Input data »
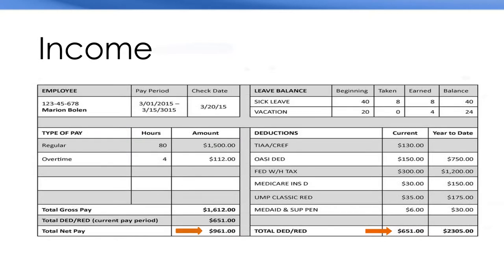Income. Gross income or pay is the total money you are paid. Net pay is the total after deductions.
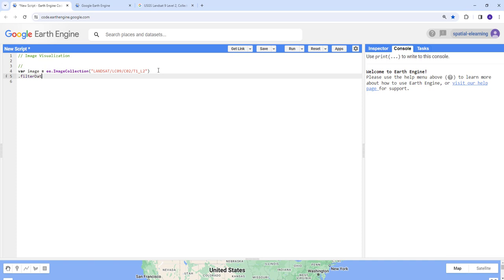I'll use 'filterDate', which is an Earth Engine built-in function. We're providing the start time and end time for this image collection that we want to visualize. I'll start with January 2022 — you start with the year, then provide the month and date. The start date is 2022-01-01.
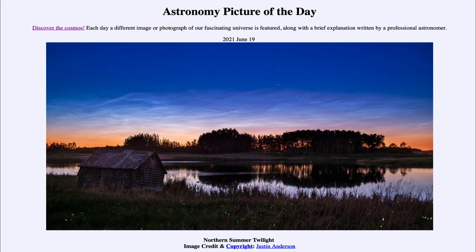So that was our picture of the day for June the 19th of 2021, titled Northern Summer Twilight. We'll be back again tomorrow for the next picture, previewed to be the season's sunrise, so we'll see what that is about tomorrow. Until then, have a great day everyone, and I will see you in class.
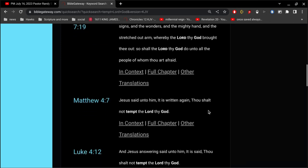In Matthew 4, verse 7, Jesus said unto him, it is written again, Thou shalt not tempt the Lord thy God.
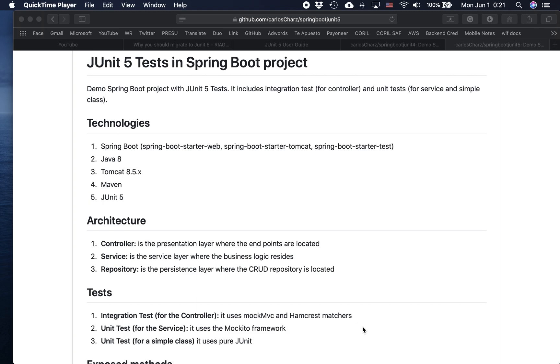Hello guys, my name is Carlos Becerra. Today we are going to learn how to migrate from JUnit 4 to JUnit 5.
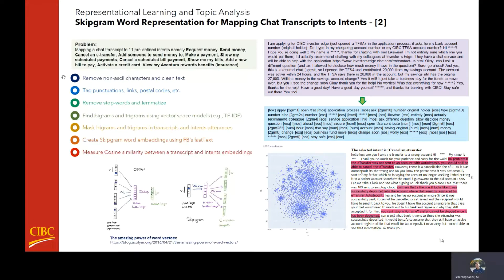For this project, we were given 11 predefined intents or topics along with some utterance examples, and a corpus of chat transcripts. The task was about assigning an intent or topic to every chat transcript. We took the following steps: we cleaned transcripts and utterances, tagged punctuations, links, and postal codes, and removed stop words. We found bigrams and trigrams using vector-based models and matched them in the transcripts and utterances. Then we created word2vec embeddings using the fastText library and calculated average word embeddings for each transcript and topic. Finally, we calculated cosine similarity between a transcript and each topic's average word embedding, and assigned the topic with the highest score to that transcript.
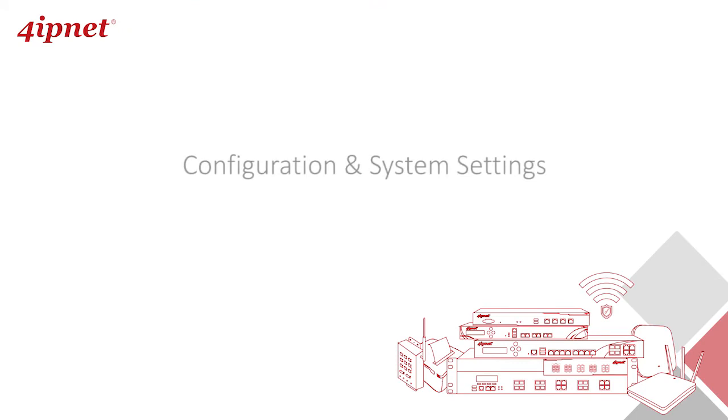In this series of training videos consisting of eight short videos, we will show you how to set up some basic configurations normally needed in hotel deployments and you'll have your 4ipnet system up and running in no time. To give you a better idea of what we'll go through in this series, here's an overview.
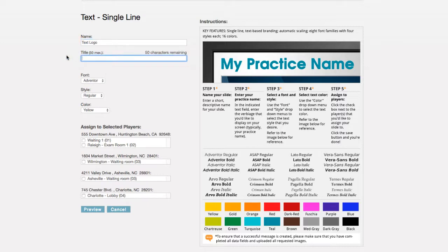The next field is where you enter your practice name. The text entered here will be displayed at the top of the screen, as shown in the example on the right.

Work instruction » Repeat each record exactly as shown above, dropping all images.

Response »
Income. Gross income or pay is the total money you are paid. Net pay is the total after deductions.
I'll use 'filterDate', which is an Earth Engine built-in function. We're providing the start time and end time for this image collection that we want to visualize. I'll start with January 2022 — you start with the year, then provide the month and date. The start date is 2022-01-01.
So that was our picture of the day for June the 19th of 2021, titled Northern Summer Twilight. We'll be back again tomorrow for the next picture, previewed to be the season's sunrise, so we'll see what that is about tomorrow. Until then, have a great day everyone, and I will see you in class.
In Matthew 4, verse 7, Jesus said unto him, it is written again, Thou shalt not tempt the Lord thy God.
Hello guys, my name is Carlos Becerra. Today we are going to learn how to migrate from JUnit 4 to JUnit 5.
For this project, we were given 11 predefined intents or topics along with some utterance examples, and a corpus of chat transcripts. The task was about assigning an intent or topic to every chat transcript. We took the following steps: we cleaned transcripts and utterances, tagged punctuations, links, and postal codes, and removed stop words. We found bigrams and trigrams using vector-based models and matched them in the transcripts and utterances. Then we created word2vec embeddings using the fastText library and calculated average word embeddings for each transcript and topic. Finally, we calculated cosine similarity between a transcript and each topic's average word embedding, and assigned the topic with the highest score to that transcript.
In this series of training videos consisting of eight short videos, we will show you how to set up some basic configurations normally needed in hotel deployments and you'll have your 4ipnet system up and running in no time. To give you a better idea of what we'll go through in this series, here's an overview.
The next field is where you enter your practice name. The text entered here will be displayed at the top of the screen, as shown in the example on the right.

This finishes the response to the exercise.